I have read many of Rumer Godden’s novels over the past 30 years or so and several of her children’s books. However, before I wrote about them, I wanted to read some of her autobiographies to get some idea of what formed the woman who could write such beautiful and mysterious, and sometimes terrifying fiction. Pretty soon I was completely caught up in Ms. Godden’s own story which is as fascinating as any novel, and so it will be largely about her three autobiographical works that I write.
I chose this picture because Rumer Godden loved Pekingese. She had something over 50 during her life.
In one of the autobiographies, A Time to Dance, No Time to Weep, Ms. Godden writes this:
Indians have a custom of taking ‘darshan’ which means, with a temple, a place, a holy cave or a renowned view such as the sight of the Himalayan snow peaks, Everest or Kanchenjunga, or a notable person--for instance Gandhi or the President--they will travel miles, make pilgrimages simply to take ‘darshan’ of that person or place, not trying to make contact or speak--certainly not taking photographs as we do--but, simply by looking, to let a little of the personality, sainthood, holiness or beauty, come into their souls. They go away, usually without speaking and so keep it for the rest of their lives. Innately, from the time we were children, we had done the same thing; it was perhaps our deepest delight.
As I read these three books, I got the feeling that after having taken darshan for many years, she was sharing all she had learned with me.
Two Under the Indian Sun, written by Rumer and her older sister Jon in 1966, tells the story of their childhood in India. It is not, they say, “an autobiography as much as an evocation of a time that is gone.” And that it is. They present us with a vision of India from the viewpoint of a child, and that vision evokes a yearning for beauty and mystery.
English children in India were usually sent home to school about the age of six; however, Rumer and Jon (ages 6 and 8) after a year with rather straight-laced aunts in London were sent back to Narayangunj (now in Bangladesh) in 1914 “because of Zeppelins.” Here they lived with their Fa and Mam, Aunt Mary, and younger sisters, Nancy and Ruth, and a number of Hindu and Moslem servants until 1920 when they went back to England to be educated.
The Godden children did not live entirely without structure, they had to do lessons with their mother and aunt, but they seem to have had a great deal of freedom for rich, imaginative play and to visit the colorful and fascinating bazaar filled with colorful paper garlands, rich silks, wonderful kites, every kind of food, and sacred cows. They lived near the river, and their father, who was an agent of a steamship navigation company, had a boat, The Sonachora. Some of the loveliest passages in the book take place on the river. For instance, on the nights of the Hindu festival Diwali, the Hindu Festival of Lights, Hindus light thousands of little “earthenware lamps shaped like leaves or tiny boats,” and set them everywhere, under trees or on the rooftops or anywhere else, to help Kali in her battle with the evil one. On these nights the whole family boarded the Sonachora to view the flickering lights from the river. Another time, they took a long trip—weeks—as the only passengers on a larger steamer, through the Sundarbans, the river jungle of the Ganges Delta. They tell of long, languid days watching the banks for tigers that they heard along the bank, but never saw. Nevertheless, there was plenty of wildlife to be seen and they tell of crocodiles, monkeys, porpoises, and myriad river birds: osprey, eagles, ibis, storks, and kingfishers. Their days on the river were full of lush beauty and peace.

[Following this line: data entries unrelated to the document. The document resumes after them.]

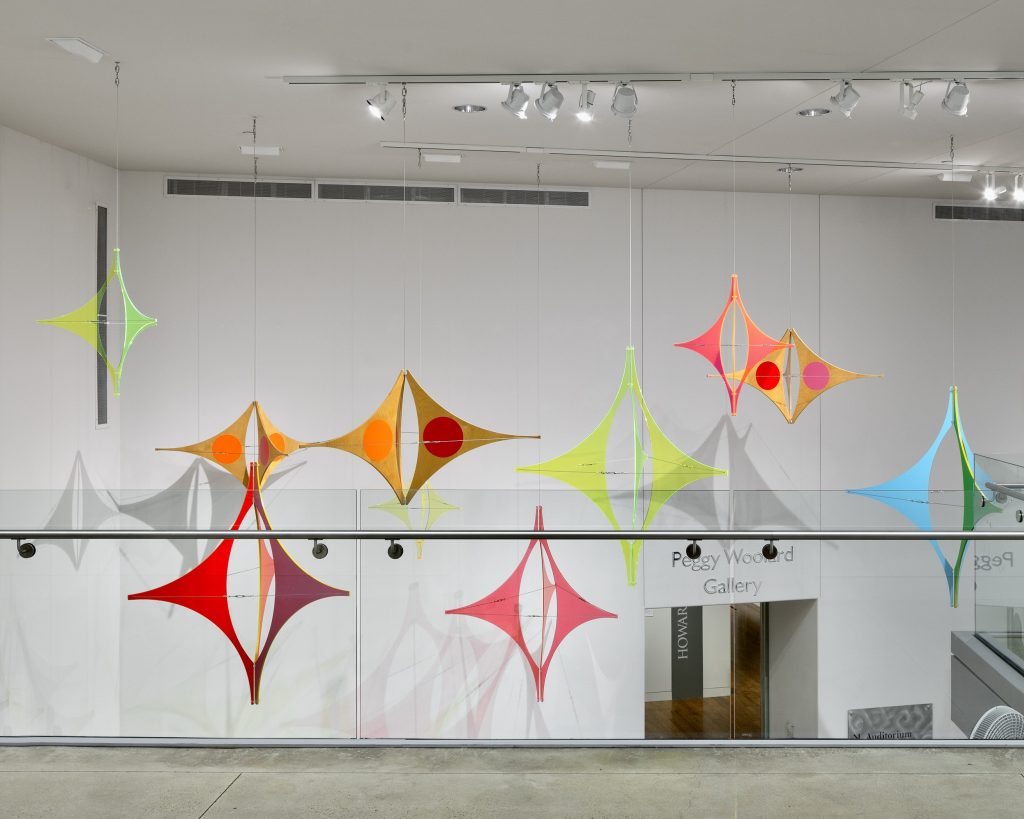 Wide view of a contemporary gallery installation featuring multiple suspended geometric sculptures in bright neon colors, including lime green, orange, pink, and blue. The translucent, kite-like forms hang at different heights above a glass railing in a white, high-ceilinged space near the Peggy Woodard Gallery entrance.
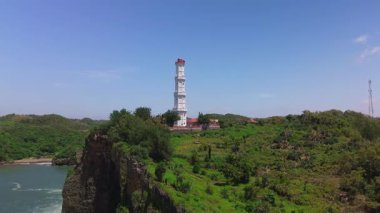 Hava aracı görüntüsü Deniz feneri ya da Baron sahilindeki mercan tepesi, Gunung Kidul, Yogyakarta, aynı zamanda bir turizm ve geleneksel balıkçılık limanı.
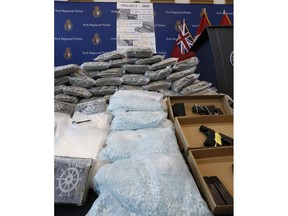 York Regional Police unveiled drugs (meth, cocaine, fentanyl, cannabis bound for U.S.), weapons and proceeds of crime during two unrelated Projects called Zen and Moon targeting organized crime arresting 49 people on Thursday August 8, 2019. Jack Boland/Toronto Sun/Postmedia Network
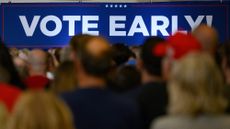 A sign urging early voting is displayed at a Trump campaign rally in Erie, Pennsylvania on September 29, 2024 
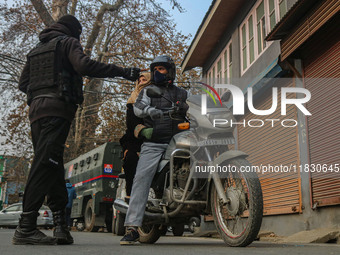 An Indian security personnel stops a motorcyclist during a gun battle between militants and security forces on the outskirts of Srinagar, Ja...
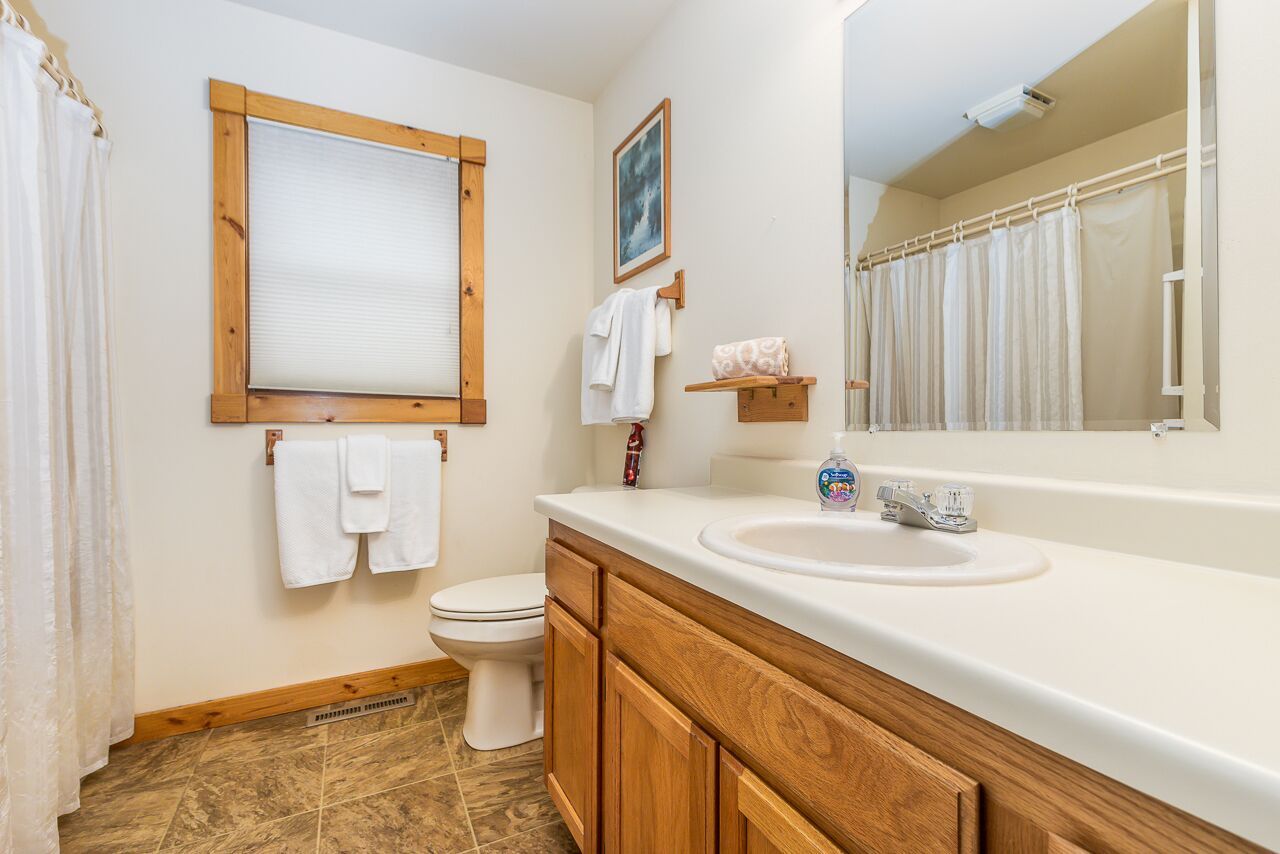 A bathroom with a wooden vanity, a sink, a toilet, and a window with a wooden frame.
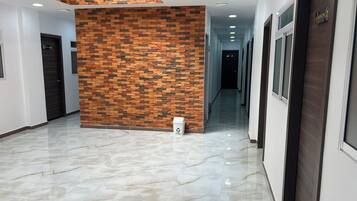 A hallway with a marble floor, a brick-patterned wall, and a door with a sign.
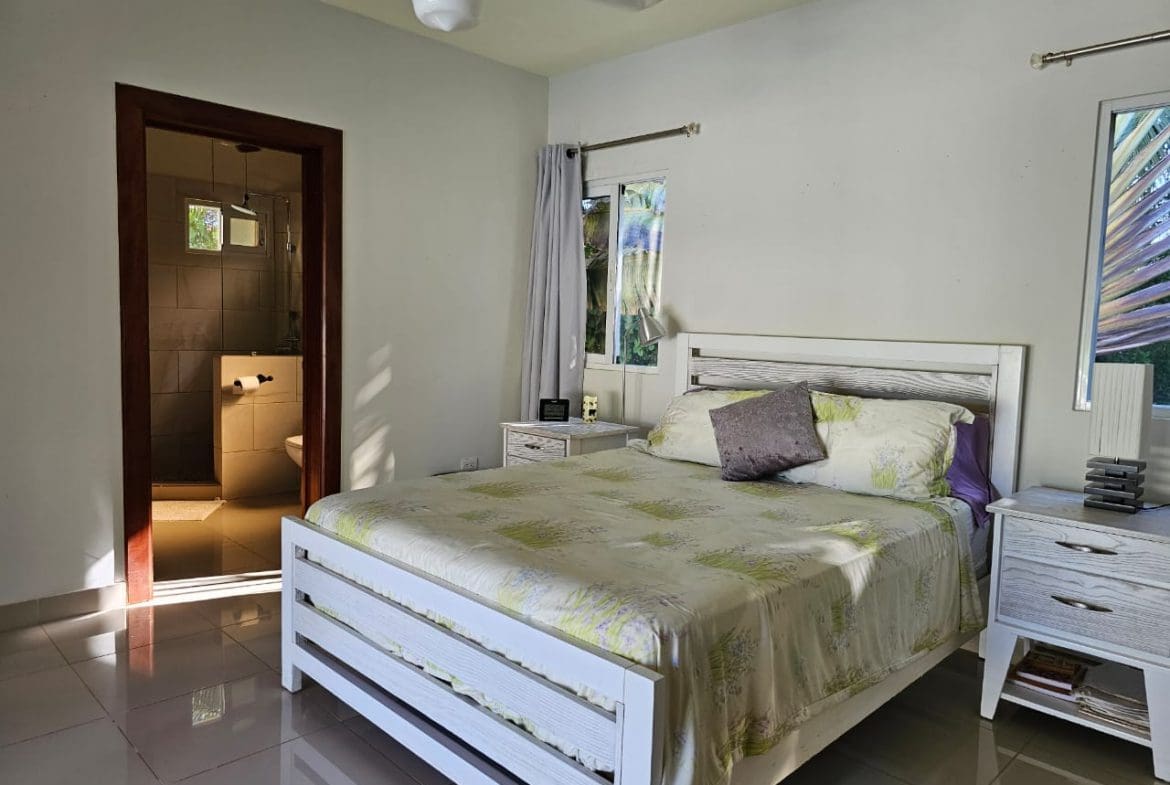 buyDRproperty Bedroom in a Casa Linda Villa with white bed frame and ensuite bathroom. Sosua Real Estate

There was, of course, a dark side to their time in India. There was dirt, squalor, and violence—including a murder in their own household. I’m sure that their mother’s view of India wasn’t nearly as sanguine as theirs, but this is memoir of children, and the wonder overshadows the tragedy.
A Time to Dance, No Time to Weep begins with Rumer’s return to England for a formal education. Neither she nor Jon was prepared for life in a girls' school either academically or temperamentally, and they failed at more than one. Finally, and thankfully, at the Moira House Girls’ School, Rumer found that one teacher, Mona Swann, who recognized her talent, and spent the next six terms drilling her relentlessly in the disciplines of writing. It is fairly certain that Ms. Swann was responsible for the excellence of Rumer Godden’s future work—and it was going to be not her present, but her future work.
After leaving Moira House, Rumer had to make a living, and for some unfathomable reason, and although she herself could not dance well, she trained as dancing teacher, and appears to have been a good one. For the next several years she had her own schools, and although she never made a very substantial income, seems to have really enjoyed her work and her students, and managed to support herself.
During this time, she became pregnant and in 1934 married Laurence Foster, the father of her expected child. Although Laurence and Rumer were not really compatible, they got along well enough for several years, and it was during this time that her first books were published, but shortly after her first great success, The Black Narcissus, Rumer came home in 1939 to find that Laurence had gone to the army, leaving her with enormous debts which consumed almost everything that she made on The Black Narcissus, both book and movie.
The remainder of the book, the meat of the book really, tells of her struggle to make a life for herself and her two young daughters in India during World War II. This part of the book tells of a time of poverty and exhausting struggle and sadness, but also of a time of peace and beauty in her small home, Dove House. Unfortunately, this idyll ends in violence.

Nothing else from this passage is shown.